The most important thing to remember when giving feedback is NOT TO JUDGE THE PERSON. Criticise behaviour, output, describe how it affect you, the client, others, but don’t tell them they are a bad person.
You can avoid judgement by sticking to fact-based feedback. If you share:
1) This is what happened
2) This is how it impacted me
3) Then STOP! Hand it over to them to comment
There is no judgement. You are not judging motivation, what caused the problem, you are simply sharing what happened and how it makes you feel. You cannot be wrong.
It is hard to take offence at fact-based feedback. “When you were an hour late for our date it made me feel unloved.”
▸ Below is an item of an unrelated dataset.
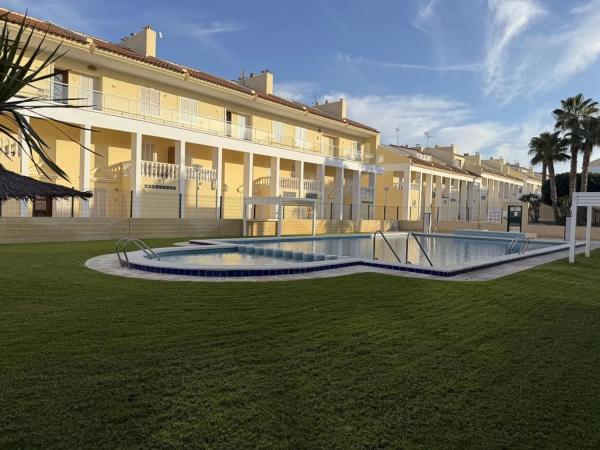 Casa independiente en avenida Corinto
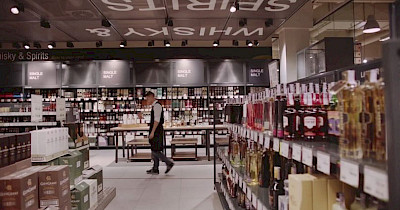 Литовский журналист о GoodWine: Роскошные автомобили с бандитами и девушки, ищущие богатых мужей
You must be specific to give fact-based feedback. Give examples as accurately as you can remember.
When to give feedback
Most important is to give feedback as soon as possible. After a meeting with a customer, the team should debrief immediately in a coffee shop. Even if it is only for 15 minutes, it will maximise learning while events are fresh in everyone’s mind.
Since it is as immediate as possible, feedback should be frequent. Every day, every week you should find some gift to share, however small. It should not be in a formal setting – a quick spontaneous 5 minute feedback every day is more valuable than rigidly schedule 30 minutes “feedback time”.
Since it is immediate, it also follows that you should give one point of feedback at a time. Don’t save up a long shopping list to pound the person with in one sitting. If you have several areas of feedback, pick the most urgent/important and just share that. You can always share other gifts later. Don’t try to manipulate with a “knuckle sandwich” – sandwiching developmental feedback between two slices of affirming feedback. Genuine feedback for the benefit of the recipient does not need to be balanced, and they will only hear the developmental feedback in any case, discounting the affirming feedback as window-dressing.
Unless your team has an amazingly healthy culture, you are best off giving your feedback one-on-one. The moment there is an audience involved, egos get tempted to “play to the crowd” and the feedback is less likely to be well received. Give your most valuable gifts in private.
Unless you are working remotely, find a time when you can give your gift face-to-face. NEVER EVER give feedback through e-mail or text. You have no control on how it lands on the other person, and there is no way to have a good interaction/conversation. And there is a permanent record that can be stored and fumed over, or worse still copied around…..
You would not give an engagement ring over the phone……….have the courage to give your toughest gifts in person.
- Don’t use emotive language….everyone had trigger words that will press their buttons. For some people it might be “stupid”, others “irresponsible”, “immature” or “lazy”. And never give feedback while you are angry or upset. You are guaranteed to slip from developmental/constructive to negative/critical.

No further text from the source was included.